All’interno di questo secondo filone si inserisce il dibattito sugli aiuti internazionali e sul loro impatto in termini di povertà. La conferenza ha visto infatti la partecipazione di alcuni esponenti emeriti della World Bank, fra i quali Martin Ravaillon e Ravi Kanbur.

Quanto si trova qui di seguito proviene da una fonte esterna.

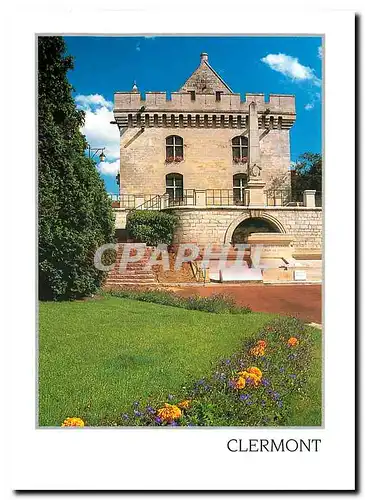 Cartes postales moderne Clermont Oise Hotel De Ville Face ouest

Quest’ultimo in particolare ha tenuto un intervento sulla possibilità dei paesi a medio reddito (Middle Income Countries – MIC) di continuare ad essere destinatari di aiuti internazionali, pur essendo essi stessi donatori verso altri Low Income Countries. In effetti, è una realtà di fatto l’esistenza di nazioni quali la Cina ed in particolar modo l’India che, pur essendo entrate nel club dei MIC e avendo esse stesse agenzie di coordinamento e gestione del proprio aiuto internazionale verso paesi terzi, sono ancora destinatarie di aiuto internazionale. Sino al paradosso della Gran Bretagna che continua a inviare aiuti verso una nazione (India) le cui multinazionali hanno in alcuni casi acquisito imprese britanniche. E ciò vale tanto nel caso di aiuti bilaterali che multilaterali.
In termini empirici il paradosso è presto risolto se si guardano le cifre al di fuori delle medie. Ad esempio, l’India ha ancora 400 milioni di persone che vivono in condizioni di povertà (World Bank).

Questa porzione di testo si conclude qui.